BEGIN RAW DATA

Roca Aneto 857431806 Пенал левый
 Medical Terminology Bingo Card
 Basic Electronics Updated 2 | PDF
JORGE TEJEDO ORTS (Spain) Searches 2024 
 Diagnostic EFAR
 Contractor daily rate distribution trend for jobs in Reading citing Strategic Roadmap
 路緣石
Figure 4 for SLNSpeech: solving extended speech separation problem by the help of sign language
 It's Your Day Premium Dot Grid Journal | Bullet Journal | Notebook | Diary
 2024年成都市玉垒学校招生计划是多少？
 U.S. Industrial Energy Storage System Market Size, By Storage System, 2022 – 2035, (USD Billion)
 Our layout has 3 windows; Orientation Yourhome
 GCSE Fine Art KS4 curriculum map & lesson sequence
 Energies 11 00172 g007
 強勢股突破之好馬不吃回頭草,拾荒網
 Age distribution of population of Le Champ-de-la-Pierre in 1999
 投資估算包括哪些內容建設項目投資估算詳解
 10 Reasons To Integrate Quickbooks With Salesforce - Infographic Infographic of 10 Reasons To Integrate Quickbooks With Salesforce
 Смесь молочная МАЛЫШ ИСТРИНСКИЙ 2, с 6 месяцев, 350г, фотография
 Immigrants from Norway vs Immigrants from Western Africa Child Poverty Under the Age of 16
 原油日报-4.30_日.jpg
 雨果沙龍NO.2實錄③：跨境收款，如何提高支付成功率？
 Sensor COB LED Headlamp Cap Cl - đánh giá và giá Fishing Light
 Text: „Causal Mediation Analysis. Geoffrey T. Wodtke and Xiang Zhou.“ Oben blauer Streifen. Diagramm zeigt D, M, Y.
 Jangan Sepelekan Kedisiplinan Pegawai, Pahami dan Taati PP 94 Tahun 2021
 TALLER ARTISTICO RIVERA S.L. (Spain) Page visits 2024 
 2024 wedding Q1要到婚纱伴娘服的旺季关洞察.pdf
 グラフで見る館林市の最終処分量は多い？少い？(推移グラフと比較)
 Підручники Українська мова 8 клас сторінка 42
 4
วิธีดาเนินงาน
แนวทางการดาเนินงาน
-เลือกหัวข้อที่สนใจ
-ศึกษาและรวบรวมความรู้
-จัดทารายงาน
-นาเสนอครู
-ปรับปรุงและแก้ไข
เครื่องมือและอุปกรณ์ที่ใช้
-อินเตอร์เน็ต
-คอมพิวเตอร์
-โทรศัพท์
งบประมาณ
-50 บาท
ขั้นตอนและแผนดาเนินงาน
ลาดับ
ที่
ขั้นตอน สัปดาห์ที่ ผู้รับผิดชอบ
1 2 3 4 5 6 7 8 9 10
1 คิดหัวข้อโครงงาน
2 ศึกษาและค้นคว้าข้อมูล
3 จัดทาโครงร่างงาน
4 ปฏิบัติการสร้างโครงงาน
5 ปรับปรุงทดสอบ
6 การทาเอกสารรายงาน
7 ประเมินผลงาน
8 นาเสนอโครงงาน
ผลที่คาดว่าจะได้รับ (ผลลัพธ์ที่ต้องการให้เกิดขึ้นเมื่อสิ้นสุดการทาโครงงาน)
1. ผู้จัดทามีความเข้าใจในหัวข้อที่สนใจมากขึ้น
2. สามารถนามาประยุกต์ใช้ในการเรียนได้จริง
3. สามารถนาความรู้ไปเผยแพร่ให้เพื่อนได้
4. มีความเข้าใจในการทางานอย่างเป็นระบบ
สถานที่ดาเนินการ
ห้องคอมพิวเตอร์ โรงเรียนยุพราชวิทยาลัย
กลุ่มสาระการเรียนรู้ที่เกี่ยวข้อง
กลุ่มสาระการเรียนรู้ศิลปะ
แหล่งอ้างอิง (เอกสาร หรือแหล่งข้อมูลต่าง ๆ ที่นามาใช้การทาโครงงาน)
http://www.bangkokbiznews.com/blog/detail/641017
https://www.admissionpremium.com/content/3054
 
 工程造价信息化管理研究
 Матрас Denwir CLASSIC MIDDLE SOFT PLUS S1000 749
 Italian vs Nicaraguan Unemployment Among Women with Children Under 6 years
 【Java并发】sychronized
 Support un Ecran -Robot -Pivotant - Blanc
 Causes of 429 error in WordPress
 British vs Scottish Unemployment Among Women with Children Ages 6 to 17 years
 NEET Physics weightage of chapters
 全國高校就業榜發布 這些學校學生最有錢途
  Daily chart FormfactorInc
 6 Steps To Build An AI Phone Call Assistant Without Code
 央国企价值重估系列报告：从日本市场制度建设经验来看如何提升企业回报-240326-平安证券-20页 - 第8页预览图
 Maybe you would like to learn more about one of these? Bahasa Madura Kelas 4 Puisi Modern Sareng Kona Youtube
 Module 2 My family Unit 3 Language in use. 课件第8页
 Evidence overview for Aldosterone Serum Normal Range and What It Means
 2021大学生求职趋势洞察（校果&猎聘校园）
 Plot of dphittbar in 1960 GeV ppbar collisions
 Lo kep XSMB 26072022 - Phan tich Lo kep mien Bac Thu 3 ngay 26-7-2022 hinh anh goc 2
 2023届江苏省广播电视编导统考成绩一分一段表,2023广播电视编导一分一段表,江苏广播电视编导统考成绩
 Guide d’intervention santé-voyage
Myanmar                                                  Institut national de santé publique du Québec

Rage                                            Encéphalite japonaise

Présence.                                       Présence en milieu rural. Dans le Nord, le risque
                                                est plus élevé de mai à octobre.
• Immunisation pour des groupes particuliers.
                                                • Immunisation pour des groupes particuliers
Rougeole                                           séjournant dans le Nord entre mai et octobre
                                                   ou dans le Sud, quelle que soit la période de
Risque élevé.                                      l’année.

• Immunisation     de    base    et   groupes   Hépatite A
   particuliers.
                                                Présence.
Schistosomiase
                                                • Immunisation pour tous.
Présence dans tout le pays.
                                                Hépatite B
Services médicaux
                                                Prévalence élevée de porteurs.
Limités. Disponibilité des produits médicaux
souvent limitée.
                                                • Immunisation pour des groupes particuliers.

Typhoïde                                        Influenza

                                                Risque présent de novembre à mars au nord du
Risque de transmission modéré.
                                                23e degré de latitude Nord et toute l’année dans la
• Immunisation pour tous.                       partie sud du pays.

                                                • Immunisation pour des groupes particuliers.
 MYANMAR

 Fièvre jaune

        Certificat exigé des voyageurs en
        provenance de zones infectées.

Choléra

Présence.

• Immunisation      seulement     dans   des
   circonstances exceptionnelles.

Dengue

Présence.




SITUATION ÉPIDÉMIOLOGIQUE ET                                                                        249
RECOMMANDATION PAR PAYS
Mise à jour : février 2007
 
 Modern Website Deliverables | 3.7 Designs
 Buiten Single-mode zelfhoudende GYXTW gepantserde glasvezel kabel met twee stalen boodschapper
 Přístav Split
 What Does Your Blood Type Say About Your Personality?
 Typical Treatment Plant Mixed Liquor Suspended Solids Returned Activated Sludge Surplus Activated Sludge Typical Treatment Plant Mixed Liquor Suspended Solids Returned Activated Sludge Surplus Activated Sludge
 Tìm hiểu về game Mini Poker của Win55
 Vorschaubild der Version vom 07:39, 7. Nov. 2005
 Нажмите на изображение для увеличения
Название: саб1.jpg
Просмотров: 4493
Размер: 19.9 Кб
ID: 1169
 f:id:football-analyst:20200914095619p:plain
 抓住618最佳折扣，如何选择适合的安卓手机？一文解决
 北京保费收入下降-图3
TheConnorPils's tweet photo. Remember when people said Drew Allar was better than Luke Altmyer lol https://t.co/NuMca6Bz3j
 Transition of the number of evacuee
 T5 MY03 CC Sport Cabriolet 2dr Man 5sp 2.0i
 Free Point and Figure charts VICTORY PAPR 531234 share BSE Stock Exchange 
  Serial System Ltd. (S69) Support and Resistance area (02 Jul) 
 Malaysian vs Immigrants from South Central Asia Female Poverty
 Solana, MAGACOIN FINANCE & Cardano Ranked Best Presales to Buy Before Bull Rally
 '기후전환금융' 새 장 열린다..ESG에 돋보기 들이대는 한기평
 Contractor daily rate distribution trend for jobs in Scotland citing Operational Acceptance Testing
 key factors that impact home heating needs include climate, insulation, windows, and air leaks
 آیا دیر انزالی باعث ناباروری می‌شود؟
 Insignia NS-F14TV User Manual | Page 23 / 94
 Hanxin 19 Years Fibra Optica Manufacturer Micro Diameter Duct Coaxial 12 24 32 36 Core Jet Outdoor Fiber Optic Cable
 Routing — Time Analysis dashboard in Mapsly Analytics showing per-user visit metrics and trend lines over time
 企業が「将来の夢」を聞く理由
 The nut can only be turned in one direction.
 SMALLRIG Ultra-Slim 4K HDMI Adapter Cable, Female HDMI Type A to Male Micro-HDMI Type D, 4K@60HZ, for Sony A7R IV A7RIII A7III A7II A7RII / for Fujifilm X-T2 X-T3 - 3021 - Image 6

END RAW DATA

■ **WHAT IS BEING ASKED**
From the beginning of the listing above down to the line with "Age distribution of", every line should be restated exactly.

■ **SOLUTION FOR THIS TASK**
Roca Aneto 857431806 Пенал левый
 Medical Terminology Bingo Card
 Basic Electronics Updated 2 | PDF
JORGE TEJEDO ORTS (Spain) Searches 2024 
 Diagnostic EFAR
 Contractor daily rate distribution trend for jobs in Reading citing Strategic Roadmap
 路緣石
Figure 4 for SLNSpeech: solving extended speech separation problem by the help of sign language
 It's Your Day Premium Dot Grid Journal | Bullet Journal | Notebook | Diary
 2024年成都市玉垒学校招生计划是多少？
 U.S. Industrial Energy Storage System Market Size, By Storage System, 2022 – 2035, (USD Billion)
 Our layout has 3 windows; Orientation Yourhome
 GCSE Fine Art KS4 curriculum map & lesson sequence
 Energies 11 00172 g007
 強勢股突破之好馬不吃回頭草,拾荒網
 Age distribution of population of Le Champ-de-la-Pierre in 1999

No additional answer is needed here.